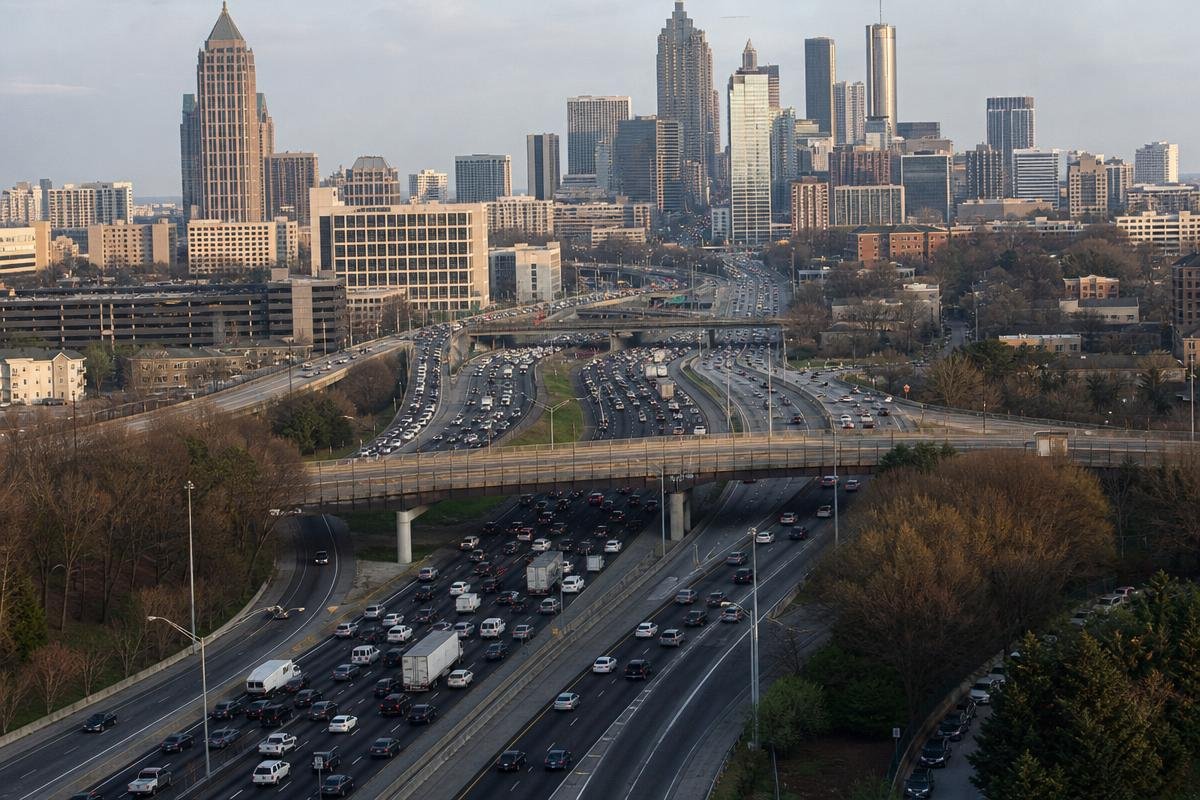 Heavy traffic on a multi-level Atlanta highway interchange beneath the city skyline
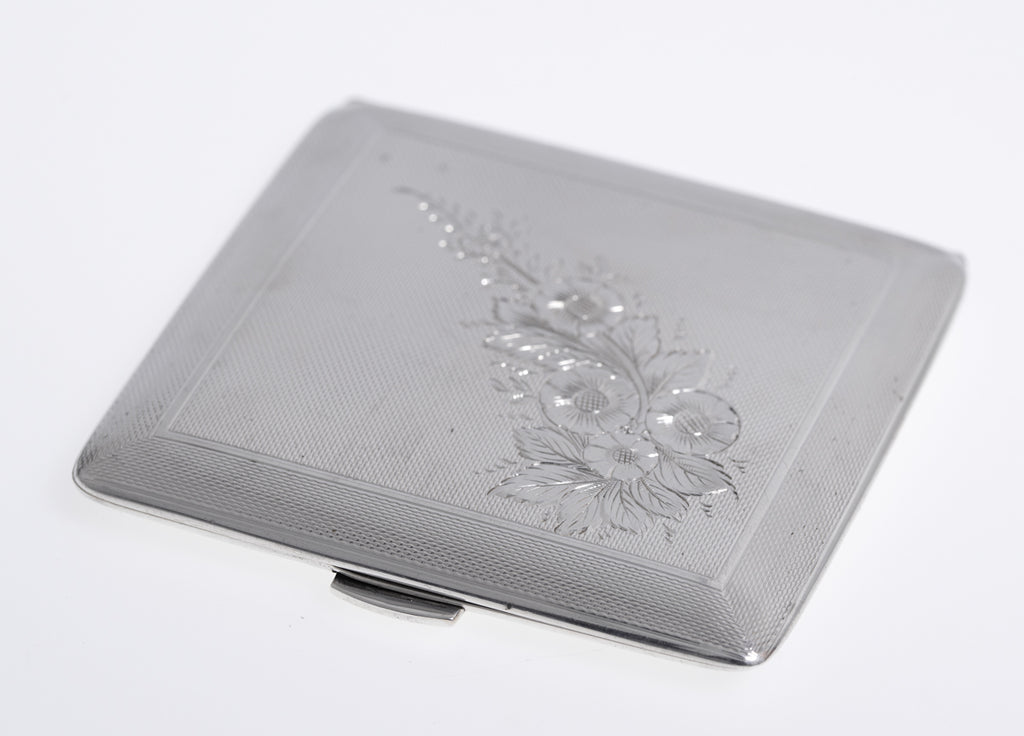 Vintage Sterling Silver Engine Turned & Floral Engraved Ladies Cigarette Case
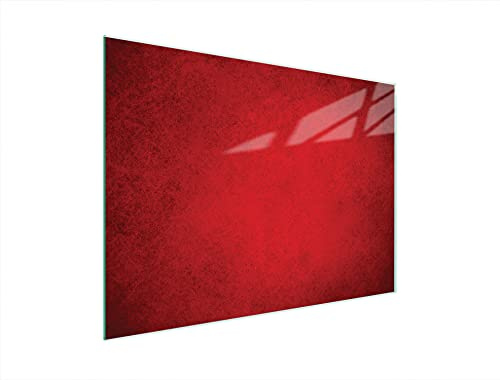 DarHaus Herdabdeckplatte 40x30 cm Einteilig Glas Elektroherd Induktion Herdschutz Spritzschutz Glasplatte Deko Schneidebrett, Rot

## [EXERCISE]
The expected answer is the listing above, duplicated exactly, with its pictures removed.

## [TASK ANSWER]
 Heavy traffic on a multi-level Atlanta highway interchange beneath the city skyline
 Vintage Sterling Silver Engine Turned & Floral Engraved Ladies Cigarette Case
 DarHaus Herdabdeckplatte 40x30 cm Einteilig Glas Elektroherd Induktion Herdschutz Spritzschutz Glasplatte Deko Schneidebrett, Rot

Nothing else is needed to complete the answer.